Hal yang sama juga menimpa Joko, penemu blue energy dari Indonesia. Dianggap
membahayakan kepentingan para kapitalis penguasa bisnis minyak, ia diculik,
dibunuh kharakternya melalui media massa dan sekarang harus menghadapi proses
pengadilan.
Dan inilah sedikit gambaran keuntungan bisnis para bankir kapitalis di bidang
perminyakan. Saat ini konsumsi minyak dunia sekitar 100 juta barrel sehari.
Biaya produksi minyak rata-rata katakan saja $20 per-barrel meski sebenarnya
lebih kecil. Jika harga minyak dunia, katakan $50 per-barrel, maka produsen
minyak mendapat keuntungan $30 per-barrel.
Berarti keuntungan produksi minyak global sehari adalah $30 x 100 juta = $3
miliar atau Rp30 triliun lebih dengan kurs dollar sekarang. Dalam setahun
keuntungannya adalah Rp30 triliun x 365 = Rp11.000 triliun. Katakan 50% total
keuntungan itu jatuh ke tangan perusahaan-perusahaan minyak dunia milik para
banker, maka keuntungan para banker dari produksi minyak adalah Rp5.500 triliun
setahun. Diperlukan ribuan orang Syech Puji (kiai nyentrik yang suka pamer
kekayaan dan memperistri anak kecil) untuk menandingi keuntungan para banker
itu, dari bisnis minyak saja. Ingat dari bisnis minyak saja, belum bisnis
terkait seperti mobil, transportasi, apalagi bisnis pokok mereka.
Sistem perbankan yang berlaku saat ini adalah sistem yang sama dengan sistem
perbankan goldsmith, dengan kualitas dan kuantitas yang jauh lebih besar.

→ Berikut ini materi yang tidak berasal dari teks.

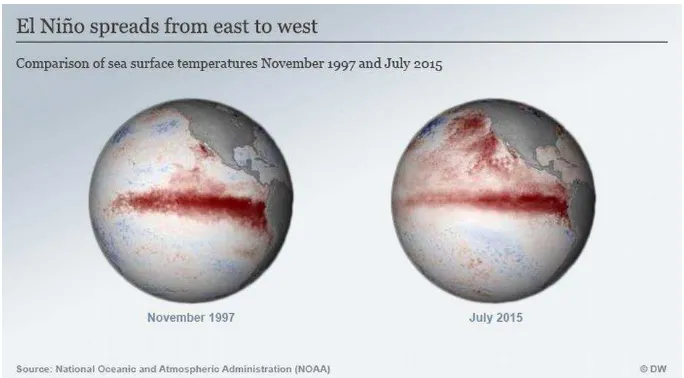 Gambar 01. Perbandingan temperature air laut pada tahun November 1997 dan Juli 2015 yang menggambarkan penyebaran El-Nino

Contohnya bank kini bahkan tidak perlu lagi mengeluarkan uang kertas atau
sertifikat untuk memberikan pinjaman. Cukup dengan sebuah entry di komputer
alias dengan udara kosong (abab istilah Jawanya) maka kredit sudah diberikan.
Dan kemudian, para debitor harus membayar dengan darah dan keringat atas abab
yang diberikan banker. Jika gagal membayar, harta bendanya disita oleh bankir
sebagaimana dialami jutaan debitor sub-prime mortgage di Amerika akhir-akhir
ini.
Para bankir internasional saat ini adalah keturunan para goldsmith jaman
dahulu. Sebagian besar bank di dunia, termasuk Indonesia, adalah milik para
bankir internasional itu. Pada suatu saat para banker itu bosan dengan tumpukan
uang kertas yang menumpuk di gudang mereka setelah sebelumnya persediaan emas
dunia kering tersedot ke brankas mereka kecuali sebagian kecil yang dipakai
masyarakat sebagai perhiasan. Mereka ingin pembayaran riel: properti, tanah, emas,
asset-asset perusahaan dan sebagainya. Maka mereka menghentikan suplai uang
kertas dan menarik yang sudah beredar. Istilahnya kebijakan tight money. Dunia
pun mengalami krisis finansial yang merembet ke seluruh sektor ekonomi.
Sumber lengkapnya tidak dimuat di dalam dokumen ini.